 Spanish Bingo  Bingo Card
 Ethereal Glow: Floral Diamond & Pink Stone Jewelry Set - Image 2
--
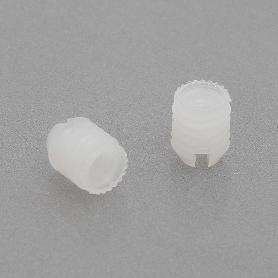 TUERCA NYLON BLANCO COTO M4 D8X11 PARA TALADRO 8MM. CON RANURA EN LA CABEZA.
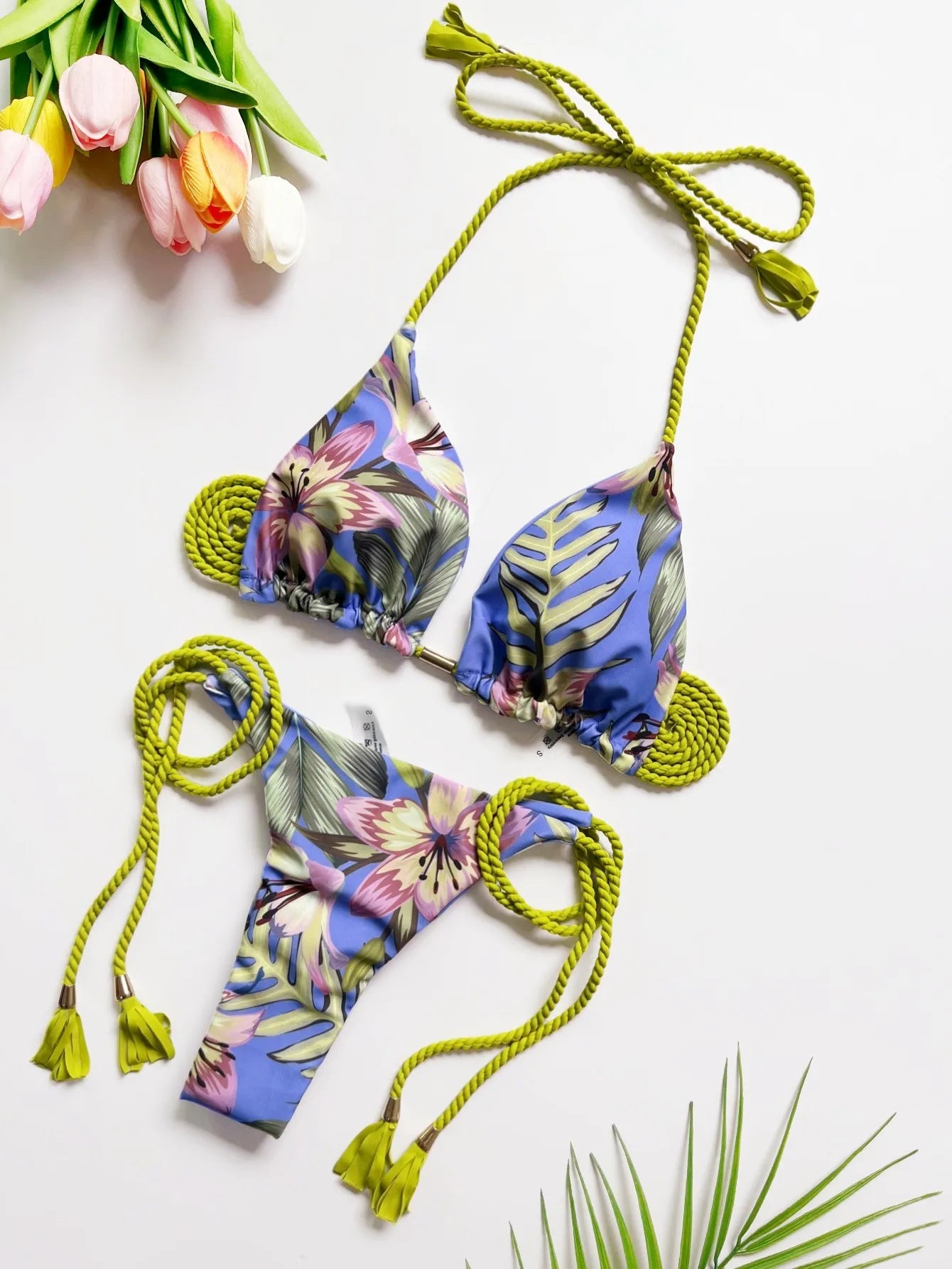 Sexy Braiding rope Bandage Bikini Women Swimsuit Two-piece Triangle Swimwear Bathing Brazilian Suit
--
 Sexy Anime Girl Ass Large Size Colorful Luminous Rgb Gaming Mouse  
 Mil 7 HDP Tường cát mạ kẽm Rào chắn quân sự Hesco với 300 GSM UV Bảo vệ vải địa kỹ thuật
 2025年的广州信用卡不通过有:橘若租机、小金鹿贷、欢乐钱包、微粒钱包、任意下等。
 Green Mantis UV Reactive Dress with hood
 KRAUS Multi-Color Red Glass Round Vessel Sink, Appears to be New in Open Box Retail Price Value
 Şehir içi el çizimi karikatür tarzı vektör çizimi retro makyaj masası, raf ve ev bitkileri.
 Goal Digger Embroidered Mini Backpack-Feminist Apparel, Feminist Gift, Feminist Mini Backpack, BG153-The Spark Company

Activity ▸ Starting at the line with "TUERCA NYLON BLANCO" in the entries above, write out every line exactly until the line with "Sexy Braiding rope" has been written. Include no pictures and nothing more.

Output of the exercise ▸
 TUERCA NYLON BLANCO COTO M4 D8X11 PARA TALADRO 8MM. CON RANURA EN LA CABEZA.
 Sexy Braiding rope Bandage Bikini Women Swimsuit Two-piece Triangle Swimwear Bathing Brazilian Suit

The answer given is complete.